SAN DIEGO, June 21, 2016 /PRNewswire/ -- Sempra Energy
(NYSE: SRE) today released its 2015 corporate responsibility report, "People, Priorities and Performance." The report describes
Sempra Energy's progress in developing and delivering renewable energy, achieving safety goals, minimizing the use of fresh water
and improving employee diversity.
"To be successful we must be committed to our core strengths and values," said Debra L. Reed,
Sempra Energy's chairman and CEO. "We must continue to make safety our top priority; maintain excellent customer service; execute
on our growth strategy; and abide by high ethical standards."
Milestones published in the 2015 corporate responsibility report include:
- Renewable energy: Sempra Energy subsidiary Sempra U.S. Gas & Power completed its largest solar energy
project, the jointly owned 250-megawatt (MW) Copper Mountain Solar 3 project in Boulder City,
Nevada. By year-end 2016, Sempra U.S. Gas & Power's goal is to operate solely or jointly with partners nearly 2,300
MW of renewable energy.
- Water: Fresh water represented only 2 percent of the water withdrawn by Sempra Energy and its
subsidiaries.
- Safety: The Sempra Energy companies achieved a consolidated recordable incident rate of 2.01 cases per 100
workers, nearly 20-percent better than the company's target.
- Diversity and inclusion: More than half of Sempra Energy's U.S. workforce is comprised of ethnic minorities.
As of Dec. 31, 2015, six of the 12 members of Sempra Energy's board of directors were women or
people of color.
Sempra Energy's corporate responsibility report is available online at responsibility.sempra.com.
Sempra Energy's four principal subsidiaries are Southern California Gas Co., San Diego Gas & Electric, Sempra
International and Sempra U.S. Gas & Power.
Sempra Energy (NYSE: SRE), based in San Diego, is a Fortune 500 energy services holding company with 2015 revenues of more than
$10 billion. The Sempra Energy companies' 17,000 employees serve more than 32 million
consumers worldwide.
This press release contains statements that are not historical fact and constitute forward-looking statements within the
meaning of the Private Securities Litigation Reform Act of 1995. These statements can be identified by words like
"believes," "expects," "anticipates," "plans," "estimates," "projects," "forecasts," "contemplates," "intends," "assumes,"
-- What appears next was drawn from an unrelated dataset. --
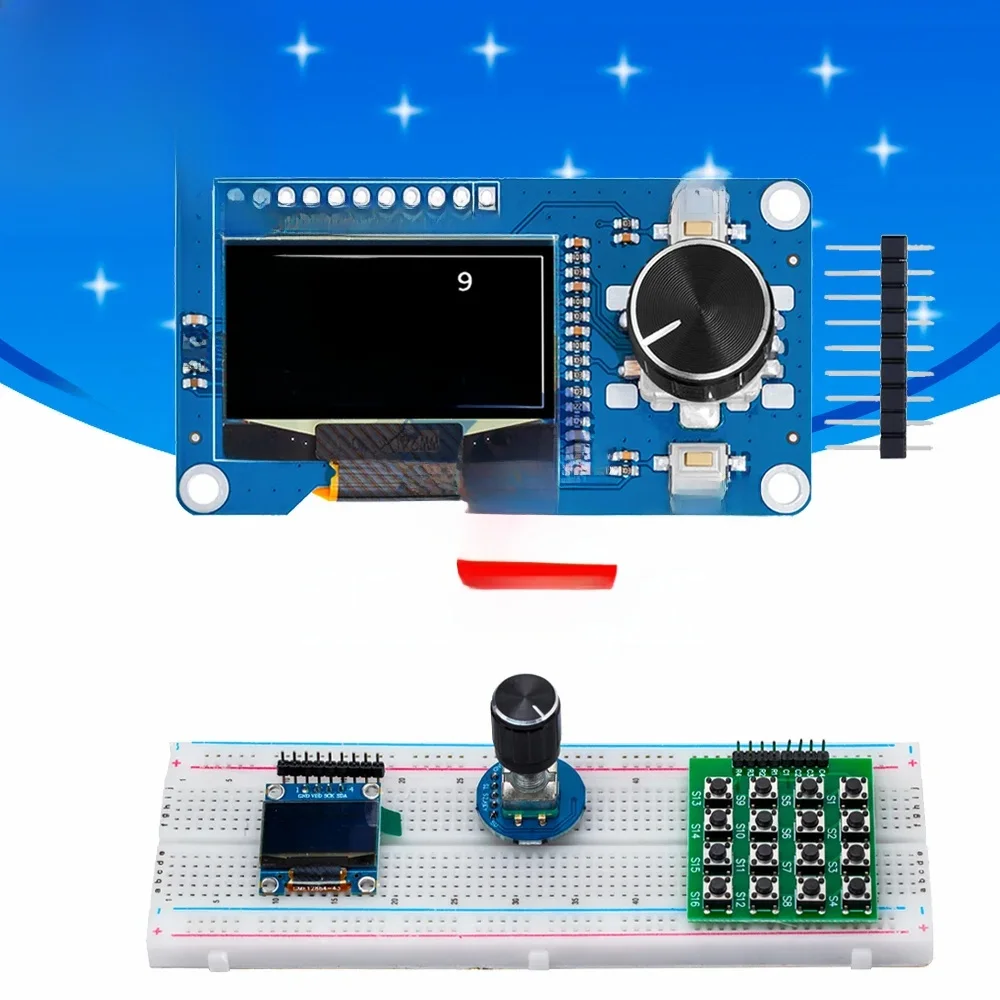 Ekran OLED BS 0.96/1.3 cala, biało-niebieski, z modułem enkodera obrotowego EC11 i interfejsem IIC dla Arduino. — zdjęcie 2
"depends," "should," "could," "would," "will," "confident," "may," "potential," "possible," "proposed," "target,"
"pursue," "goals," "outlook," "maintain," or similar expressions or discussions of guidance, strategies, plans, goals,
opportunities, projections, initiatives, objectives or intentions. Forward-looking statements are not guarantees of
performance. They involve risks, uncertainties and assumptions. Future results may differ materially from those
expressed in the forward-looking statements.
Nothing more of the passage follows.